In 1992 she ran for public office and was elected to the 24 seat Philippine Senate. In 1995 she sought re-election and won more than 16 million votes. She was elected vice-president in the 1998 elections, when Mr Estrada won the Presidency. He made her secretary of the Department of Social Welfare and Development.

She remained a part of the Estrada administration until October of last year, when he was implicated in an underground gambling syndicate. A week after the allegations emerged, Ms Arroyo resigned as social welfare secretary but retained her post as vice-president. She worked to build opposition to Mr Estrada, travelling throughout the Philippines in November to drum up support.

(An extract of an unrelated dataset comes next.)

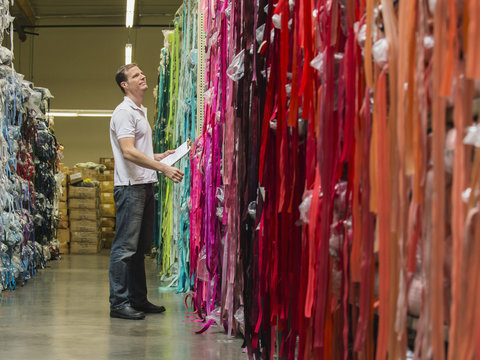 Caucasian worker examining fabric in textile factory
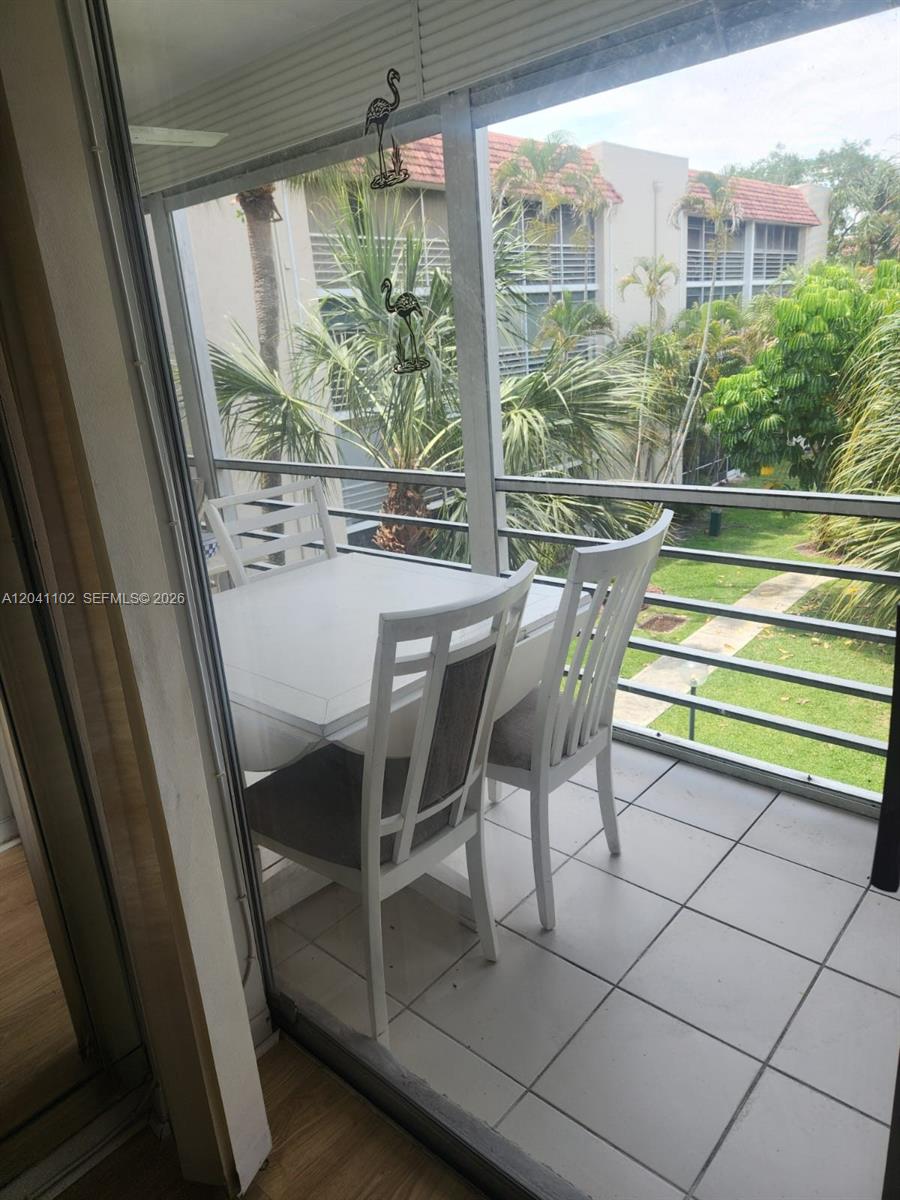 A balcony features a white dining set, tiled flooring, and a view of palm trees — 3571 Inverrary Dr # 307, Lauderhill FL 33319, LAUDERHILL, FL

When the Estrada impeachment trial collapsed last week, mass protests broke out in Manila, and Ms Arroyo took her supporters to the streets.

As a senator, she was one of the main authors of legislation that allowed the Philippines to join the World Trade Organisation and is convinced of the need to make it easier for foreign companies to invest.

She has said her plan is to encourage transparency and an end of business cronyism, while getting Manila's growing budget deficit under control.

Ms Arroyo has said she wants a new, cleaner kind of politics to emerge in a country traditionally dominated by provincial overlords and a handful of business clans. The result, she hoped, would be a fairer, more accountable society and a more stable economy. "If we don't start now, we'll never achieve it," she said.